Besides the above features, injection rate, and 1 year injection volume, and injection depth also show positive correlations to seismicity rate. Without incorporation of pore pressure and poroelastic stress, operational parameters alone can not forecast the seismicity rate well ($R_{adj}^2= 0.2$, Fig. S4). Contrary to the heterogeneity we observed before, the region parameter encoded from the grid number has low feature importance ($<0.001$). Possible explanations are that for physics-based features, hydrogeologic modeling already takes the spatial heterogeneity into account. We add the region parameters with columns of sparse ones and zeros, which could be less informative than the other features. We speculate that adding more meaningful parameters, for example, seismogenic index⁵, geological boundaries¹⁵, or geospatial correction¹⁴, could potentially further improve the results.

Discussion

Comparison of different forecast models

For comparison, we use different machine learning models to forecast seismicity based on the same set of training and test data. The models include a least square Linear Regression model (referred to as Linear model), a sequential model with three Dense layers stacked (referred to as Dense model) where each Dense layer includes linear regression and activation functions, a Support Vector Regression model (referred to as SVR model), a sequential model with a 1D Convolutional layer and a Dense layer (referred to as CNN model), and a sequential model with a Long Short-Term Memory (LSTM) layer and a Dense layer (referred to as RNN model). Different from the Linear model, the Support Vector Regression is a supervised learning algorithm to predict discrete values by finding the best-fit hyperplane with the maximum number of points. The algorithm acknowledges the non-linearity in the data and is robust to outliers. Convolutional layers apply a convolution operation to the input and pass the results to the next layer, which are used to extract features from the input data and have been used widely in earthquake detection¹⁹. A LSTM layer learns long-term dependencies between time steps in time series and sequence data, which has also been used in earthquake detection²⁰. We use the aforementioned adjusted $R^2$ and mean absolute error (MAE) as metrics to compare the performance of different models. MAE is defined as,

$$\begin{aligned} MAE =\frac{\sum _{i=1}^{n} |f_i-y_i|}{n} \end{aligned}$$

(1)

where $y_i$ is the observed seismicity rate, $f_i$ is the corresponding prediction of $y_i$. The results are shown in Fig. 5.
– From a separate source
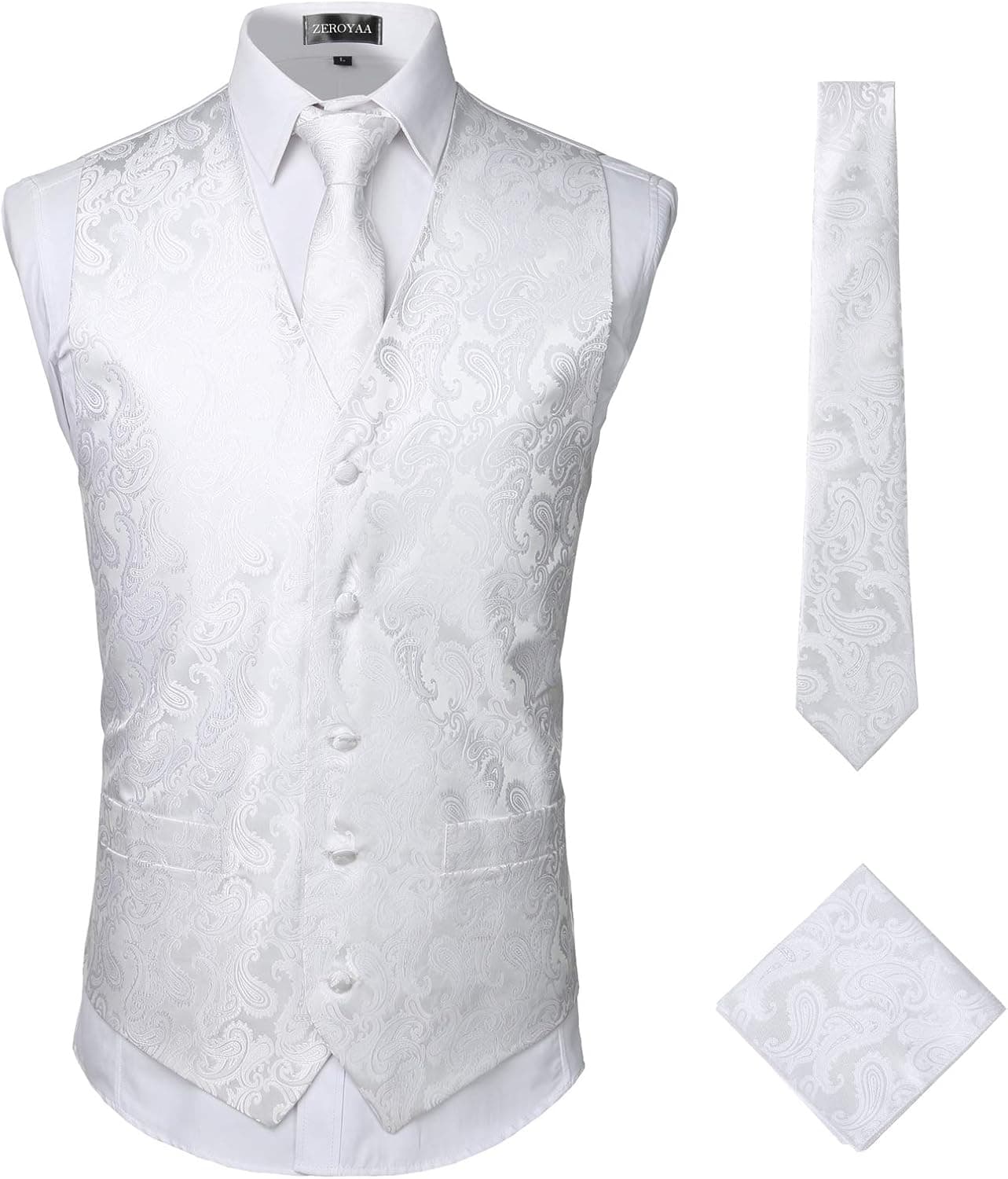 ZEROYAA Men's Classic 3pc Paisley Jacquard Vest Set Necktie Pocket Square Set For Suit or Tuxedo ZLSV14 White Small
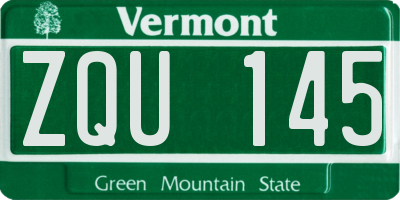 VT license plate ZQU145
The models are ranked from high to low by their performance on test data: RF, Dense, RNN, SVR, CNN, and the Linear model. Random Forest outperforms the other models. Besides Random Forest model, considering our training dataset is relatively small, the Dense model is a good balance between model complexity and fit of data. RNN can keep track of arbitrary long-term dependencies in the input sequences, which might help with some complex situations in earthquake forecast, e.g., different time lags between injection and earthquake occurrence.

We also check against the forecast results from two physics-based forecasting methods^8,21. Since the study area and forecast target are different, it is not easy to make one-to-one comparison. We qualitatively compare our model to the physics-based forecasting methods. Both methods can forecast the decreasing seismicity in recent years. Our model can make forecast at different time windows (from 30 to 180 days) and has better resolution than the yearly forecast from physics-based models. In terms of spatial resolution, the physics-based models are better, as the performance of our model decreases if the grid size is smaller. Our model could also identify the triggering mechanisms independently from a set of input features, which suggests that the application of machine learning methods could be used to study the physics behind observations. On the other hand, we have seen model improvements by adding physics-based parameters, e.g., pore pressure and poroelastic stress. The performance of seismic forecasting may be further improved using physics-informed machine learning models.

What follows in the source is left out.